Task to complete
How do the lines below between the ones holding "Preaching. Communicating Faith" and "quick, draw!", inclusive, read? Give them again exactly, with no other lines.

Supplied records
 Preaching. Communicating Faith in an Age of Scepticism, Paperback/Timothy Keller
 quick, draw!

--

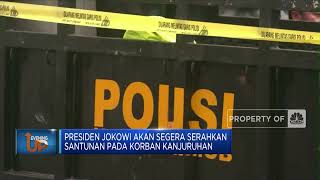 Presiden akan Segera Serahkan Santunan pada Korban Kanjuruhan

...

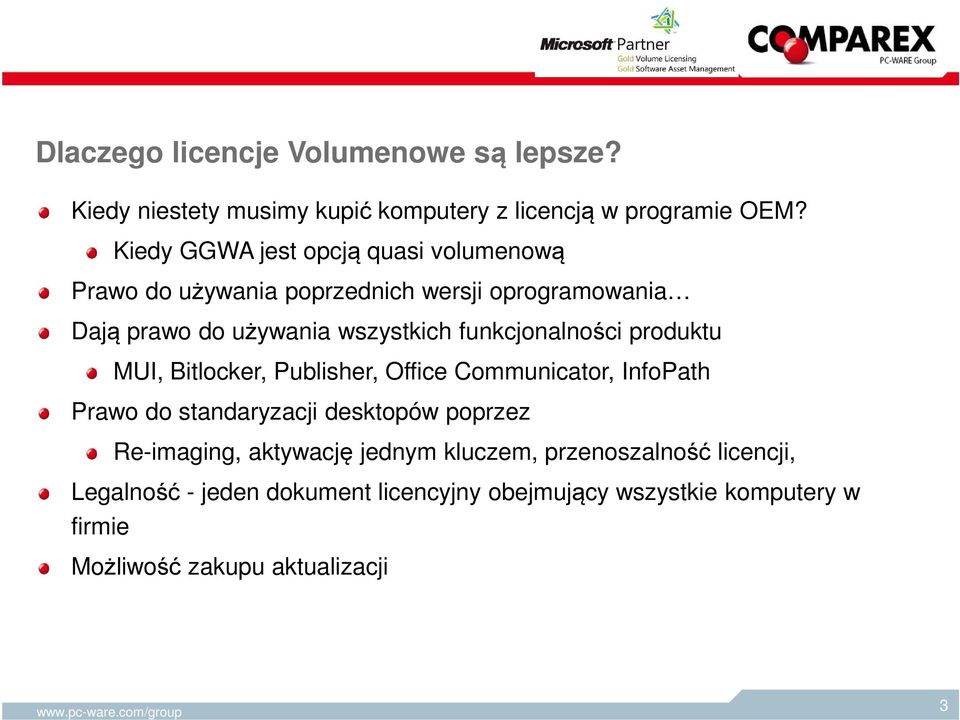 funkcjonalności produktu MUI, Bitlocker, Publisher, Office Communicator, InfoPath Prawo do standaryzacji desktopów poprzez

Answer box
 Preaching. Communicating Faith in an Age of Scepticism, Paperback/Timothy Keller
 quick, draw!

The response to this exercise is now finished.